Laser cutter special software is also needed to control laser cutters, so you’ll typically get this software when you purchase the cutter. You should also be aware that the laser tube that comes inside a laser cutter must eventually be replaced; it’s a consumable item, meaning that it has only so many hours of usage. Be certain to inquire not only about the laser tube’s expected life before making any purchase of a laser cutter but also about the replacement tube cost.
The last item I want to recommend is one I do not own. I have a CNC machine, a laser cutter, and a few 3D printers, but the plasma cutter remains one of those tools that I’m okay with renting when I need it rather than purchasing. Let me explain.

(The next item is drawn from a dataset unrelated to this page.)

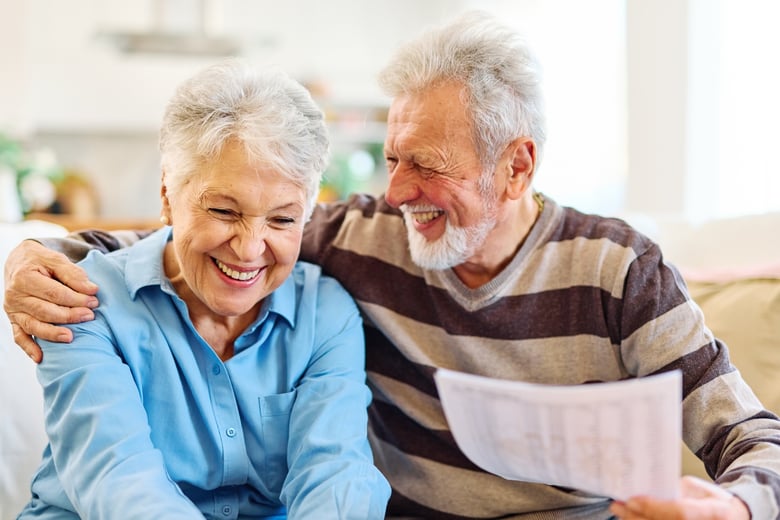 Smiling senior couple sitting together on a couch, sharing a laugh while looking over paperwork.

A handheld plasma cutter is your go-to tool for when you want to cut sheet metal. It’s a dangerous tool, and there’s definitely a learning curve that must be overcome with some training. But if you’re into cutting metal with extremely accurate cuts, this is the tool you want.
Now, take the handheld plasma cutter and think about mounting it in a machine that will let the cutter be directed along the X and Y axes, and you’ll have the basic idea of a computer-controlled plasma cutter. Software directs the movement of the plasma cutter, allowing for finer and much more accurate cutting of sheet metal.
In Figure 11.5, you’ll see one of the most popular computer-controlled plasma cutter frames on the market—the PlasmaCam. (Point a web browser to www.plasmacam.com and watch a video of the tool in action; it’ll blow you away.)
Why do I call it a plasma cutter frame? Because the PlasmaCam is simply a table/workspace and motors that are used to move a handheld plasma cutter that is mounted in the frame. You must purchase a plasma cutter to be mounted in the frame. (There are a variety of plasma cutter manufacturers, so you’re not locked into one particular brand.)
Computer-controlled plasma cutters like the PlasmaCam typically come with special software for cutting out two-dimensional objects in sheet metal. Again, if you understand how 3D printers work in terms of moving the working end (hot end) around the workspace, it’s not a big jump to understand how a plasma cutter could be directed to cut out objects from metal.
One final caveat: Plasma cutters produce a lot of sparks as they cut metal, and that’s one of the reasons why I don’t own one—the potential to start fires. Plasma cutters are ideally used in areas away from flammable materials, making them a bit more difficult for the home hobbyist to use safely. When I need some sheet metal cut, I’ve got a local machine shop that has a variety of tools, including a computer-controlled plasma cutter. I provide them with the file containing the shape I want to have cut out, and they provide the sheet metal and the tool and the final cutout. You may not ever own a plasma cutter, but you should know that there are shops that will rent you the time on one or do the work for you (at a cost, of course).
I hope you are beginning to get an idea of what someone with the right skills and tools could create. With a 3D printer, a plasma cutter, a laser cutter, and a CNC machine, you’d have quite a collection of advanced tools to make just about anything your mind could come up with.
But if you’ve got none of these, the 3D printer is definitely the place to start. You’ll learn some CAD, spend less money, and have access to a tool that’s a bit safer than the other three. If you find that you’re enjoying designing and creating things with your 3D printer, you can always expand your horizons and add a new tool (or two, or three) and open up even more opportunities to explore.
Have fun!